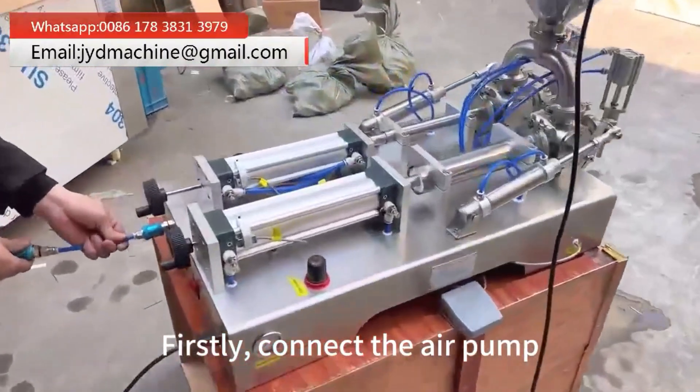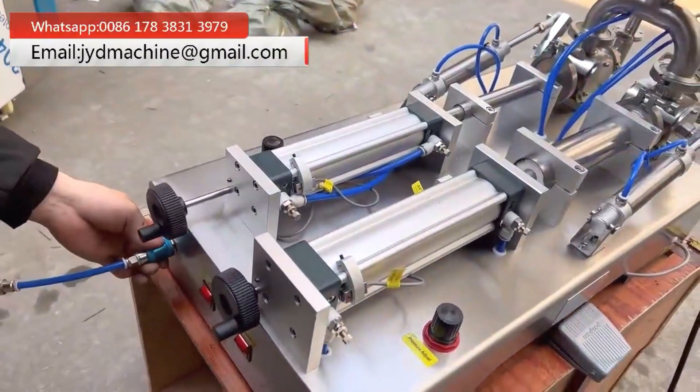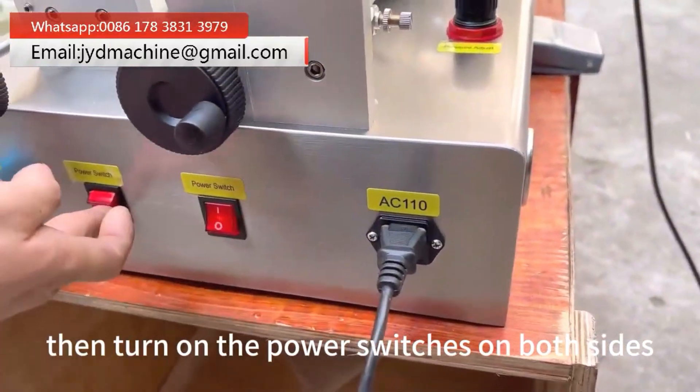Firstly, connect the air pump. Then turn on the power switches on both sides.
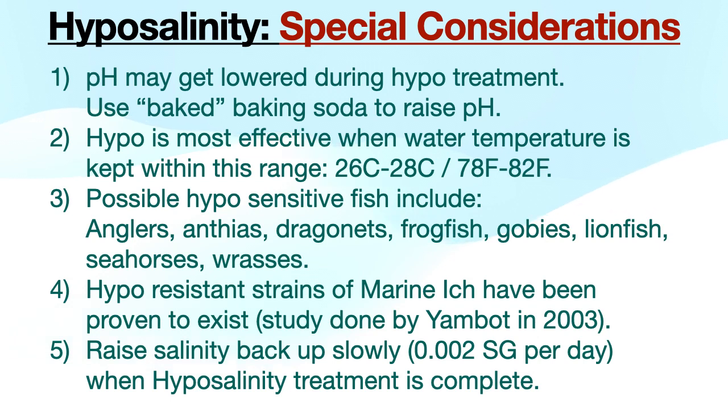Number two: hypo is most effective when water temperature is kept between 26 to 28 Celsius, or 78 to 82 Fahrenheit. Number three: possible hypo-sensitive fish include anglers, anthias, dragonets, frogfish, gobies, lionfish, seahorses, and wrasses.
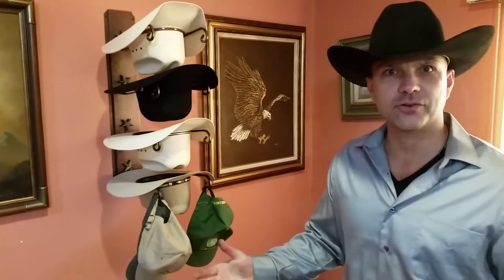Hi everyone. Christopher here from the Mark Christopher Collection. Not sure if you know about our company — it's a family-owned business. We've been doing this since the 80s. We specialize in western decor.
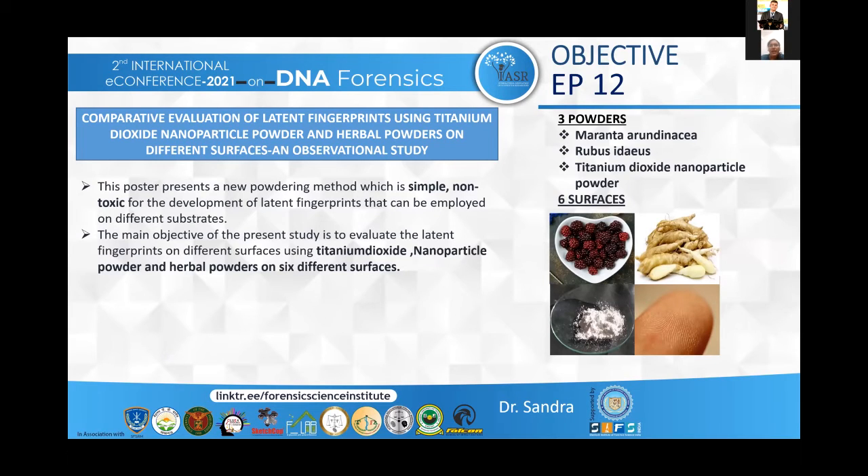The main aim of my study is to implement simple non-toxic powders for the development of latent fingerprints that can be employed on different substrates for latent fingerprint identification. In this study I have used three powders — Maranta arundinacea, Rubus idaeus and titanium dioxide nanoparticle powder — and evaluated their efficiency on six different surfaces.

◆ What is being asked: Line by line, restate the data above exactly as it stands, minus the pictures.

◆ Output for this exercise:
Firstly, connect the air pump. Then turn on the power switches on both sides.
Number two: hypo is most effective when water temperature is kept between 26 to 28 Celsius, or 78 to 82 Fahrenheit. Number three: possible hypo-sensitive fish include anglers, anthias, dragonets, frogfish, gobies, lionfish, seahorses, and wrasses.
Hi everyone. Christopher here from the Mark Christopher Collection. Not sure if you know about our company — it's a family-owned business. We've been doing this since the 80s. We specialize in western decor.
The main aim of my study is to implement simple non-toxic powders for the development of latent fingerprints that can be employed on different substrates for latent fingerprint identification. In this study I have used three powders — Maranta arundinacea, Rubus idaeus and titanium dioxide nanoparticle powder — and evaluated their efficiency on six different surfaces.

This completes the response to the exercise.